I've been testing the ECS's rolling updates in DAEMON mode and I'm not able to avoid occasional "502 Bad Gateway" responses. Here is what I did to test this which seems to point at a bug in the draining strategy process.
To start, I wrote a minimal hello-world program in Kotlin/Jersey that responds to curl GET (source). I hit the endpoint in a loop every ~300ms:
while [ 1 ]; do curl -s http://...us-east-2.elb.amazonaws.com/helloWorld | ts '[%Y-%m-%d %H:%M:%S]'; echo ""; sleep 0.3; done
Next, I push a new container image (using the same tag) that produces a slightly different response (110 vs 1010) so I can observe the roll-out progress. Finally I force the service update with:
aws ecs update-service --service service-helloworld-jersey --cluster cluster-helloworld-jersey --force-new-deployment
I have two tasks in my service and 50% in Minimum healthy percent.

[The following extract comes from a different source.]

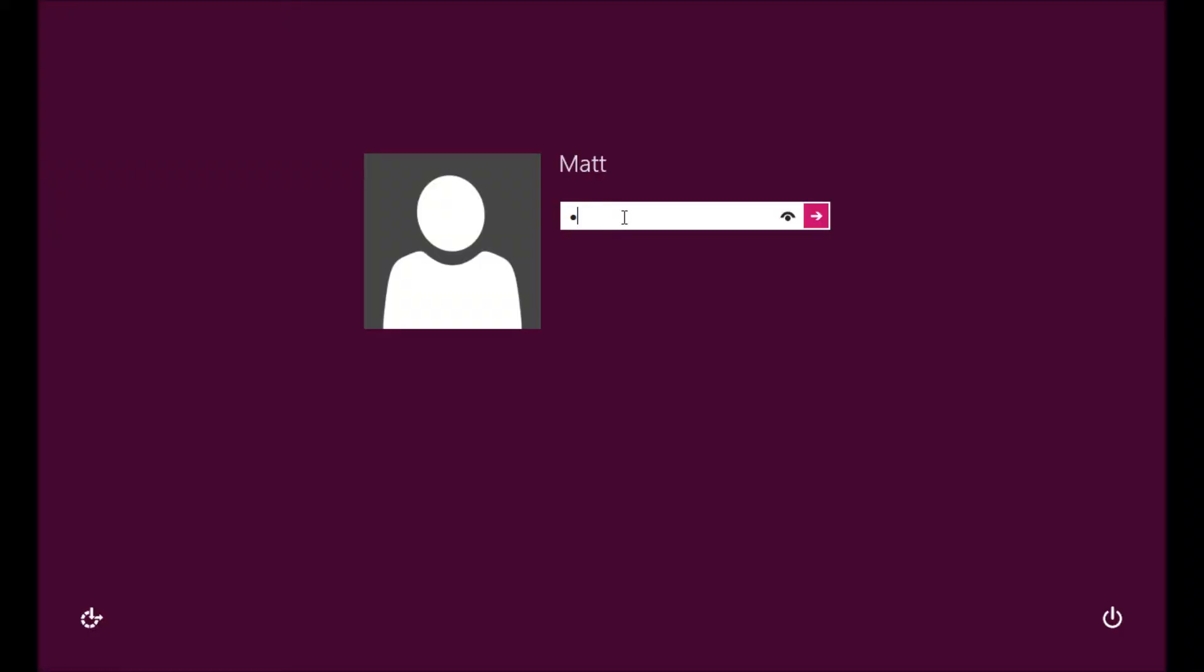In this quick tutorial, I'm going to show you how to find Windows Media Center on Windows 8. I'm going to go ahead and log in.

The Bash loop produces the following output during the rolling updates - at some point there are two outputs, one with "110" (old code), and the other with "1010" (new code), this is after one of the containers has been updated and the other one still has not:
If you correlate the events on the Bash console with the events in the AWS console (both are NTP-time-synced), you can see that around 9:04:39 we are still hitting the old code/container despite the "draining" event supposedly occurring since 9:04:28 which I highlighted in red below. At 9:04:39 the task is finally stopped which correlates with the "502 Bad Gateway" response in the loop.
My conclusion is that the ELB isn't draining the last target correctly which results in the error we see.
If anyone has any thoughts how to diagnose this further or configure differently, please let me know.
I was able to avoid any service interruption by increasing the ELB's deregistration delay from 10s to 30s.